Все это запивалось тем самым добрым австрийским и настроение у нас было замечательным, и мы хотели пройтись до гостиницы пешком, но вино оказалось таким добрым, что мне навеялись иртеньевские строки: “Шёл с женой я как-то ночью под покровом темноты, – не сказать, чтоб трезвый очень, но не то, чтоб в лоскуты…” Такси, словом, поймал с трудом:
– Маргаретенштрассе, семьдесят, – сказал я. – Сорри, Маргаретенштрассе зипциг…
– По-русски говорим? – приветливо сказал таксист. – Я из Латвии.
– Откуда? – хрипло уточнил я.
– Из Латвии, – повторил таксист.
– В Латвии есть много населённых пунктов – Рига, Юрмала, Даугавпилс, Лиепая, Пабажи…
– Но вы точно не знаете, мой город маленький – Мадона…
– Там родился Александр Старков, – сказал я. – Как же, помню! У вас на гербе еще изображен единственный в мире блюющий петух…

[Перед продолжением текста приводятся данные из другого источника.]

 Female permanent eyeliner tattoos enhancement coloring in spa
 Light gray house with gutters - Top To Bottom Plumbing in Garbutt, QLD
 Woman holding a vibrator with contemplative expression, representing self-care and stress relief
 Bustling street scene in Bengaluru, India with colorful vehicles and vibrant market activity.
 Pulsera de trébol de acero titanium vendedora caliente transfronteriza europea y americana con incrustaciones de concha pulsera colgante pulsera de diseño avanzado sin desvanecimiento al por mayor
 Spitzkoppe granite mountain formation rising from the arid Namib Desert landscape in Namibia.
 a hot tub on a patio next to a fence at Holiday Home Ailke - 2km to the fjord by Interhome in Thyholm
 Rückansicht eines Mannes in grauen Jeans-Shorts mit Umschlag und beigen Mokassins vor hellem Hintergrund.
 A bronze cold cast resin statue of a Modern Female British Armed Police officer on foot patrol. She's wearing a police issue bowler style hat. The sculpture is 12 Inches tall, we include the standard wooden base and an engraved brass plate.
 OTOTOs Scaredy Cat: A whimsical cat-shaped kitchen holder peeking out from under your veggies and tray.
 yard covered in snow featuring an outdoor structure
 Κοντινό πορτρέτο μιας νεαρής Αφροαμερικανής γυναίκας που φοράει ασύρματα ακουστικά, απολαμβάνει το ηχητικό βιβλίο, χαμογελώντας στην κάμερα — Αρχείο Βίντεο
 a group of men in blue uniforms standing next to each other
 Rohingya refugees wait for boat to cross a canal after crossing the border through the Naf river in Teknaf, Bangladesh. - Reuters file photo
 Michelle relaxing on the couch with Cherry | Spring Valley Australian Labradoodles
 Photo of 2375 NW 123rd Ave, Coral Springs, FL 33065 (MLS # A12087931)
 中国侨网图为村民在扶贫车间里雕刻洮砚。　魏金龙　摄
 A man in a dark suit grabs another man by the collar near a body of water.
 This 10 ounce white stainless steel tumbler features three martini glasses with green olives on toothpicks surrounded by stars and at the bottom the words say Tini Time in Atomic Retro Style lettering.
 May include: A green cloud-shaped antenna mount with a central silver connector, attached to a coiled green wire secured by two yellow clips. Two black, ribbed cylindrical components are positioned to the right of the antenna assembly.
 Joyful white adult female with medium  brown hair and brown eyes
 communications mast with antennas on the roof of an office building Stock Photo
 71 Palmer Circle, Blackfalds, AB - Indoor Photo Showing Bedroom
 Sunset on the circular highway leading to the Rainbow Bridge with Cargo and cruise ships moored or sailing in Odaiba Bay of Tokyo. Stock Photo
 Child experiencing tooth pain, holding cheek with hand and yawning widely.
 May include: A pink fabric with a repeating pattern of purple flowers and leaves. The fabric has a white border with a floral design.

Таксист оторопел. В Мадоне живет девять тысяч человек и никого знаменитее моего когдатошнего соседа, бывшего капитана рижской “Даугавы”, а потом тренера “Спартака” и сборной Латвии этот город не вырастил, так что Старкова там знает каждый…
Таксист удивился, а я уже нет. Дело в том, что в Вену мы приехали из горнолыжного Бад Гаштайна, а там… Но об этом – ориентировочно в пятницу… Завтра же вернёмся к новостям.
Александр Этман.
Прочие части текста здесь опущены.